What you need to do:
Which lines run from the one containing "Toyota OE - Rear Left Outer Seat Track Cover" to the end of the material below? Copy them exactly, pictures excluded.

====

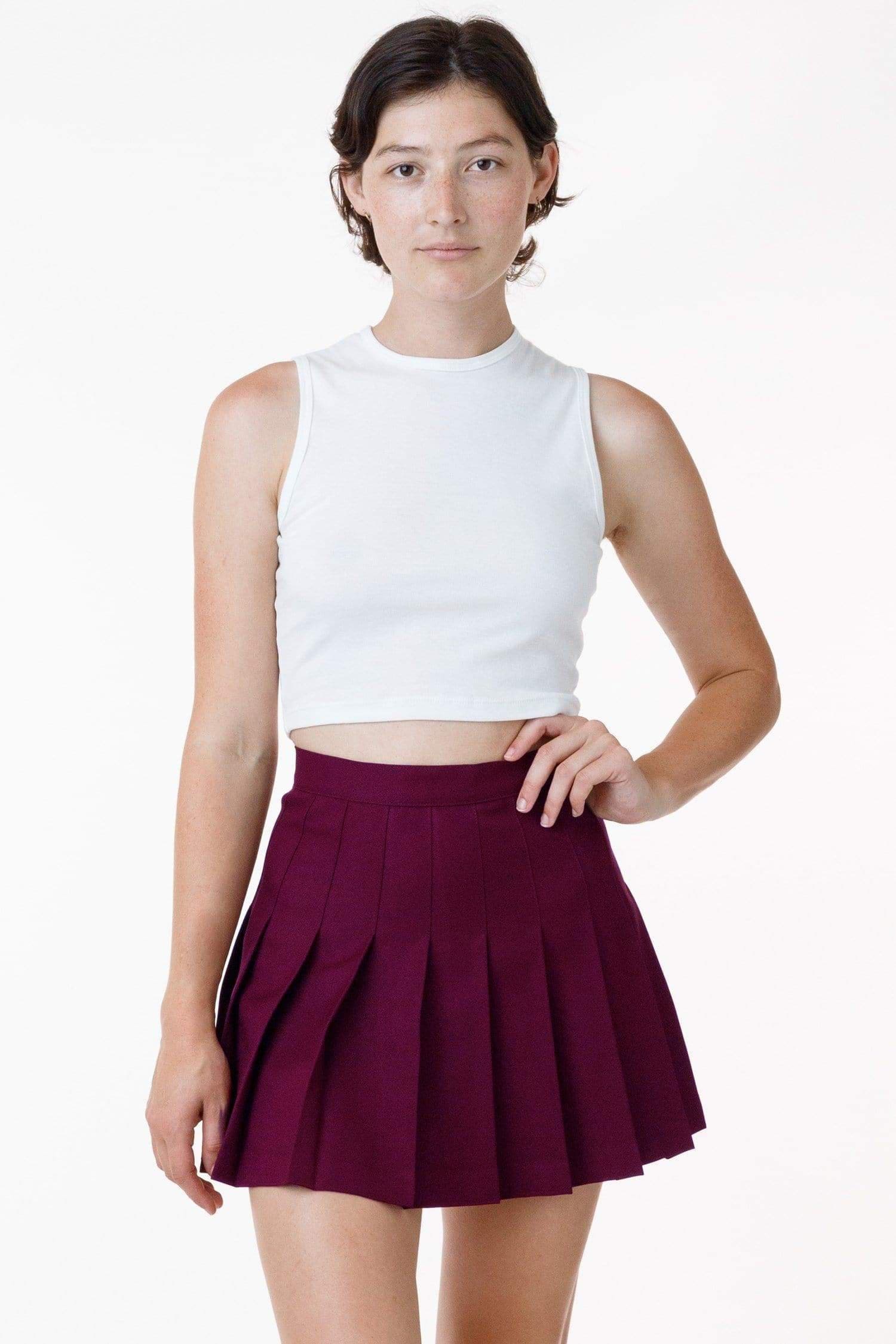 RGB300 - Tennis Skirt (Bright Colors) – Los Angeles Apparel - Japan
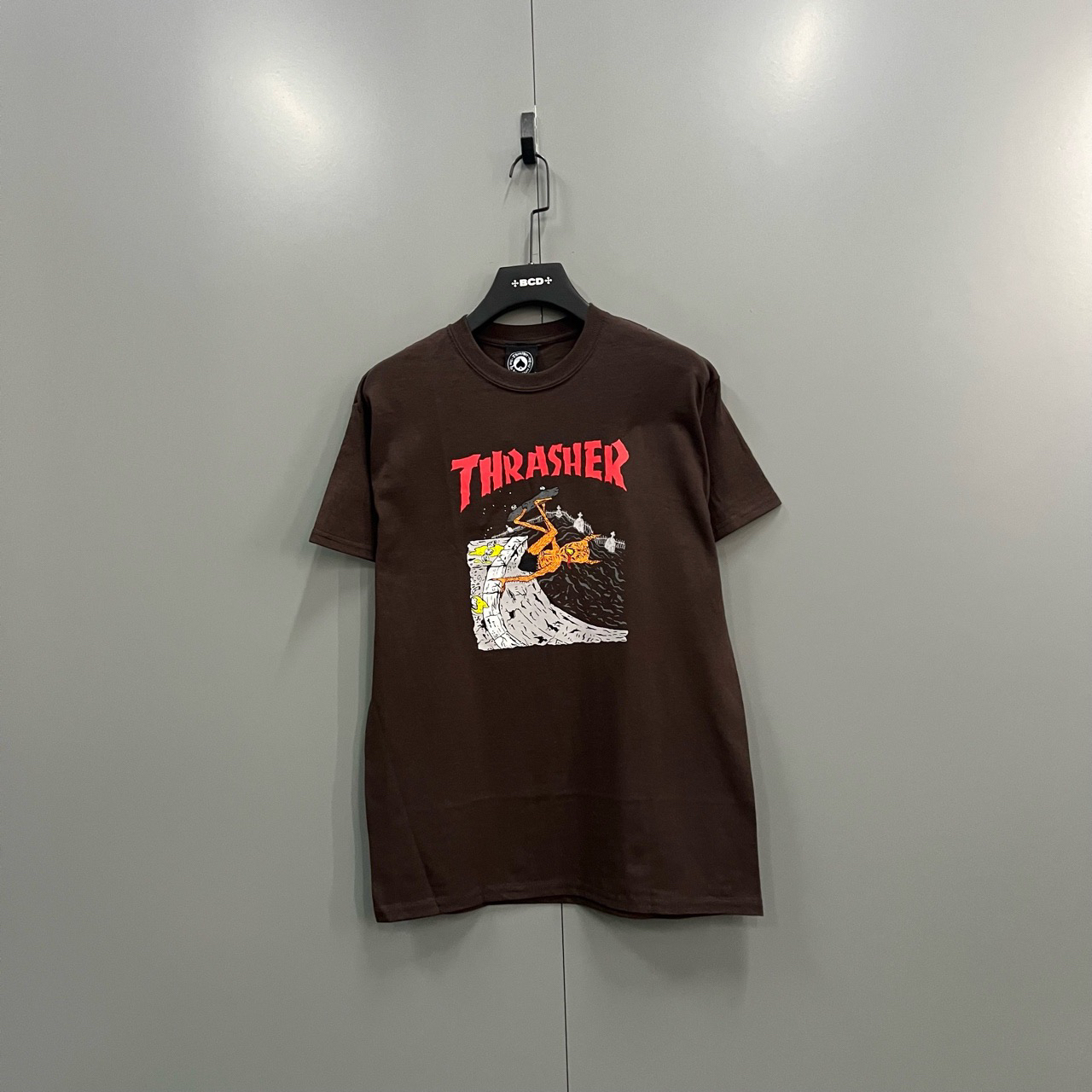【PL】Thrasher 咖啡色印花logo短袖 M码/全新/吊牌 bc014315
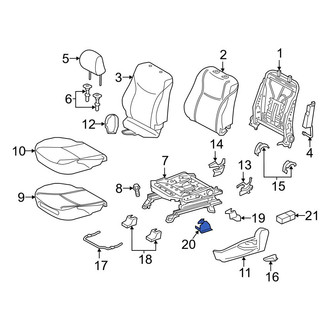 Toyota OE - Rear Left Outer Seat Track Cover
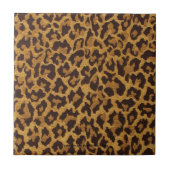 RAB Rockabilly Classic Leopard Print Tile Tegeltje (Voorkant)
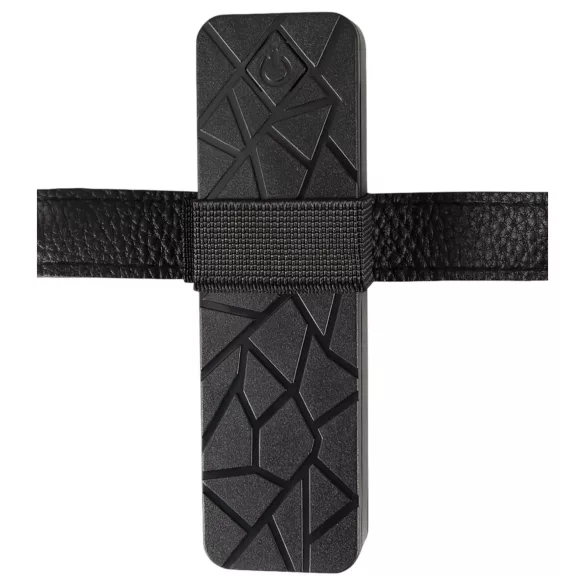 Double Thruster - festbar svart dobbeltvibrator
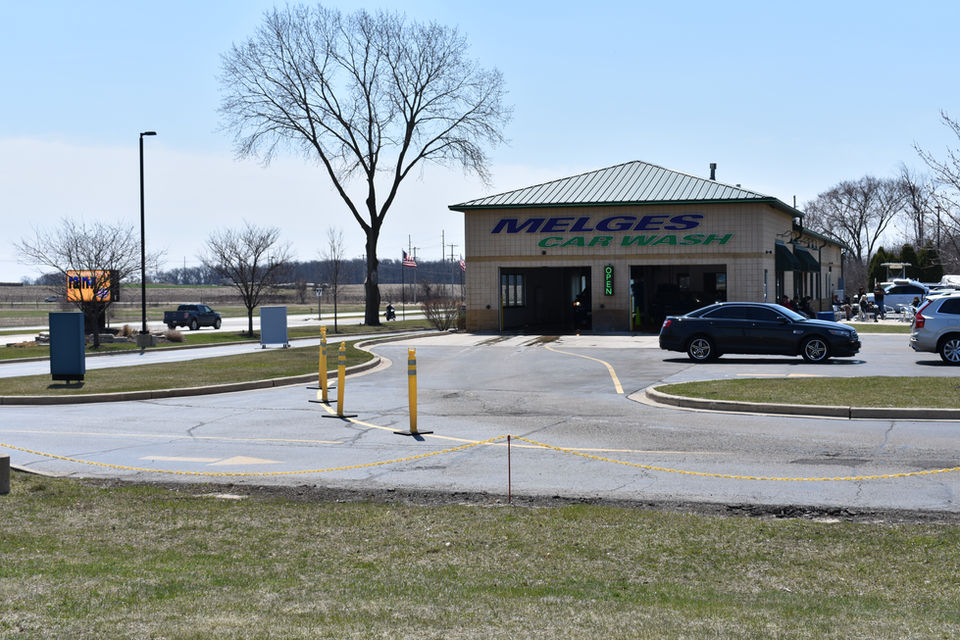 Beautiful day 
at Melges Car Wash Located in Lake Geneva, WI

====

Exercise answer:
 Toyota OE - Rear Left Outer Seat Track Cover
 RAB Rockabilly Classic Leopard Print Tile Tegeltje (Voorkant)
 Double Thruster - festbar svart dobbeltvibrator
 Beautiful day 
at Melges Car Wash Located in Lake Geneva, WI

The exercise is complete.